Tuesday, 30 August 2016
Last updated 14 hours ago
Oct 25 2013 | 12:53pm ET
Pershing Square Capital Management is doing something that it's had precious little opportunity to engage in recently: profit-taking.
The New York-based hedge fund announced that it had sold a chunk of its stake in Canadian Pacific Railway, whose stock has soared since Pershing Square won two board seats last year. The hedge fund's investment has nearly tripled in value since it began buying shares in 2011, amounting to a US$2 billion profit.

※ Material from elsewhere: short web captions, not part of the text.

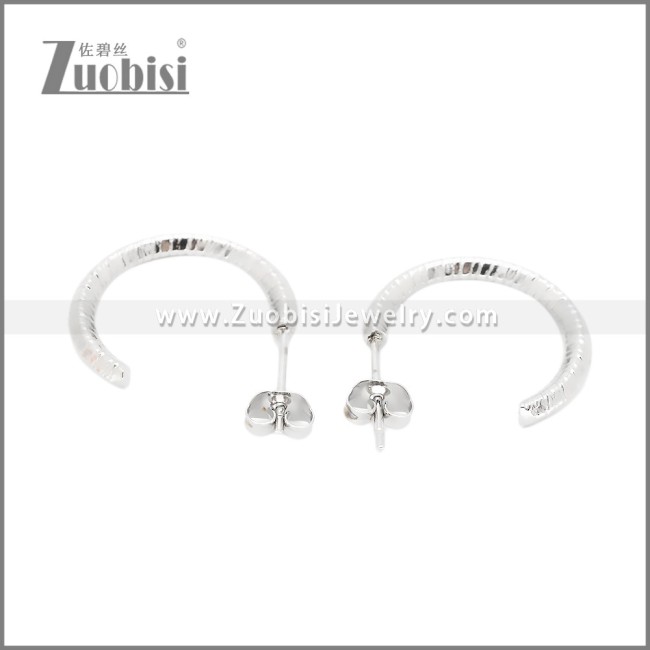 Stainless Steel Earrings e002382S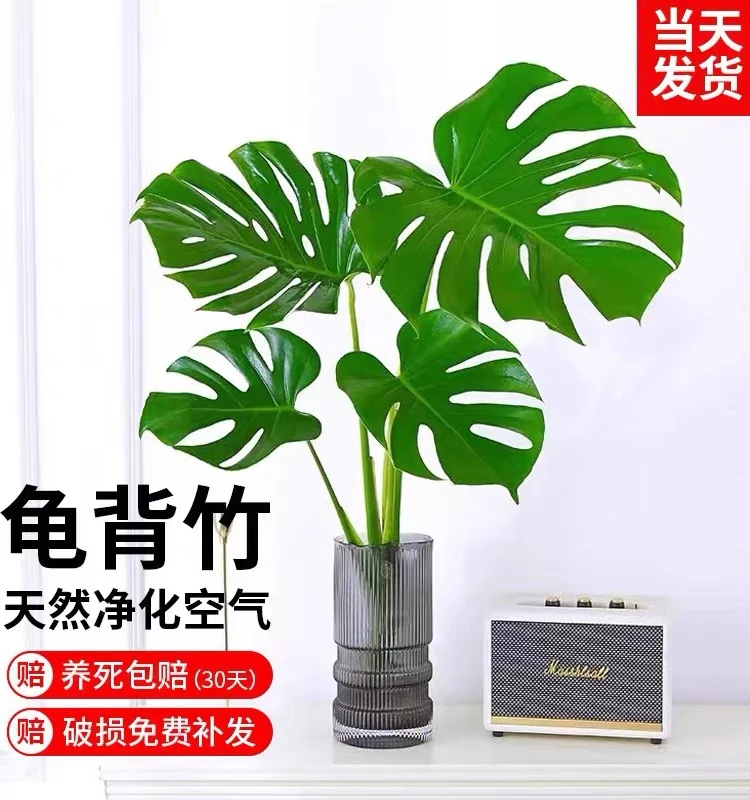 龟背竹盆栽观音竹水培带根室内好养活绿植客厅植物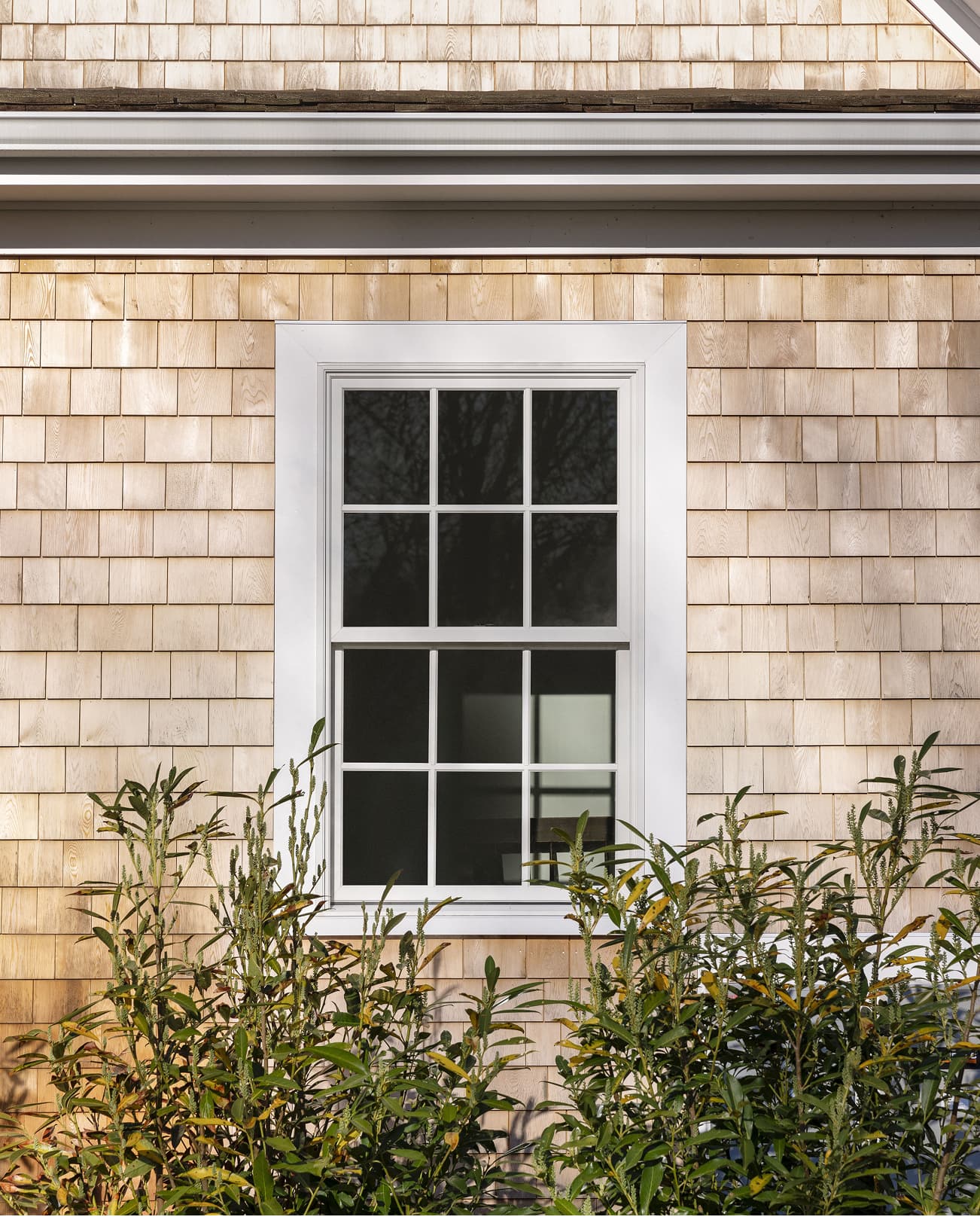 Shaker cedar siding home exterior with a white Marvin Elevate Double Hung window with divided lites.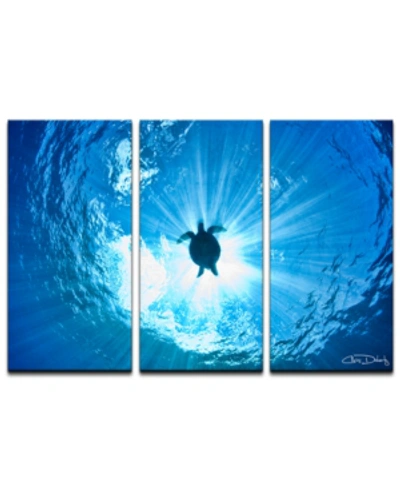 Ready2hangart 'sea Turtle' 3-pc. Canvas Art Print Set In No Color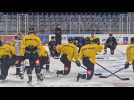 Hockey sur glace - CHL : les Dragons de Rouen prêts pour affronter Mannheim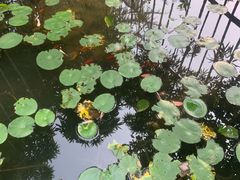 -三江森林温泉度假区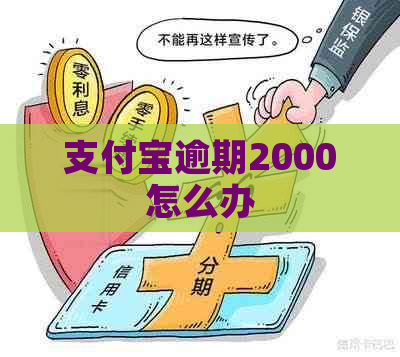 信用卡逾期2000怎么办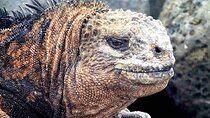 6 Days Galapagos Island Hopping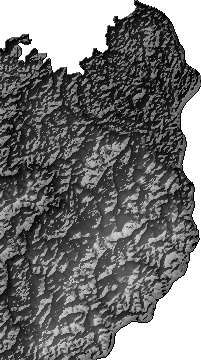 Modelo Digital de Elevaciones (SRTM) - Municipio de Nueva Esperanza, Pando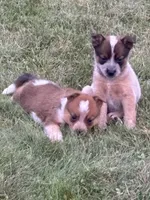 Dundee , a male Australian Cattle Dog for sale in Milaca, MN – 3 of 3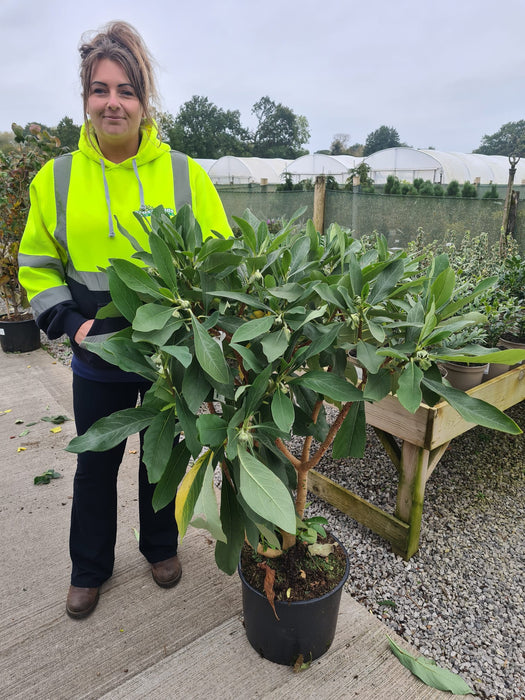 Edgeworthia Grandiflora 20 Litre Pot 110cm Tall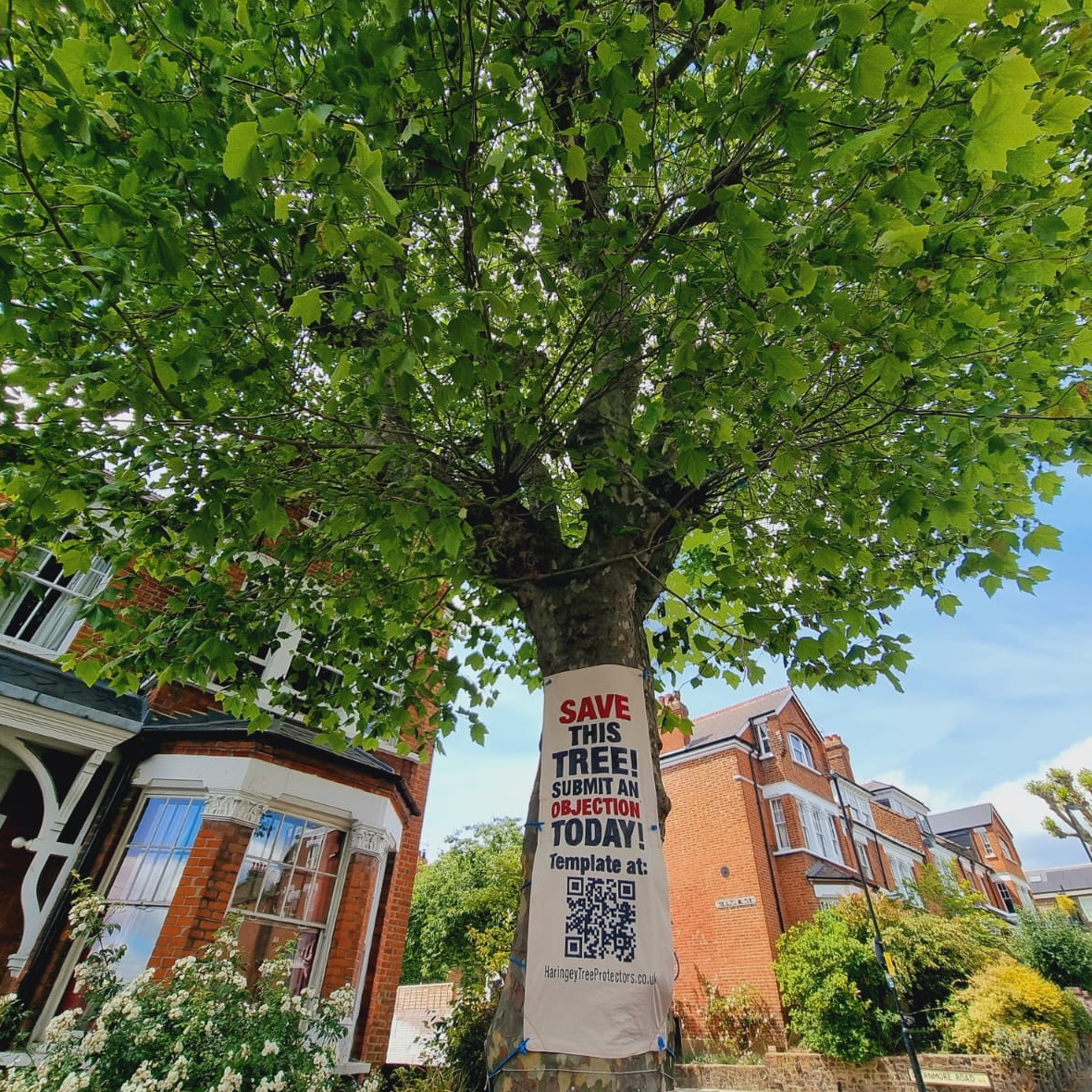Paul Wood 🌳 (@thestreettree) on Twitter photo Meet the Oakfield Road Plane, a tree threatened with felling in north London.
I asked Dr Gio Iozzi of <a href="/JustPlaneNews/">Haringey Tree Protectors</a> to write a piece for my Substack about a tree which has become the focal point, and potential test case for local authorities' new duty to consult. 🧵 Meet the Oakfield Road Plane, a tree threatened with felling in north London.
I asked Dr Gio Iozzi of <a href="/JustPlaneNews/">Haringey Tree Protectors</a> to write a piece for my Substack about a tree which has become the focal point, and potential test case for local authorities' new duty to consult. 🧵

Pershing Square announced in June that it would sell 7 million shares over the course of a year. But after unloading a million of the them over the last four months, it succumbed to pressure from analysts and other investors, who feared the projected sales would weigh on its share price.
Bank of America Merrill Lynch, Credit Suisse and Morgan Stanley arranged the sale, which netted about US$800 million.
Pershing Square remains CP's largest shareholder with a 9.8% stake, and both Ackman and Pershing Square partner Paul Hilal will remain on the company's board.
The sale adds to Pershing Square's growing cash horde. The firm has been hit hard by the poor performance of its investment in J.C. Penney Co. and its huge short against nutritional supplements company Herbalife, but performance has picked up this month, investors told Reuters.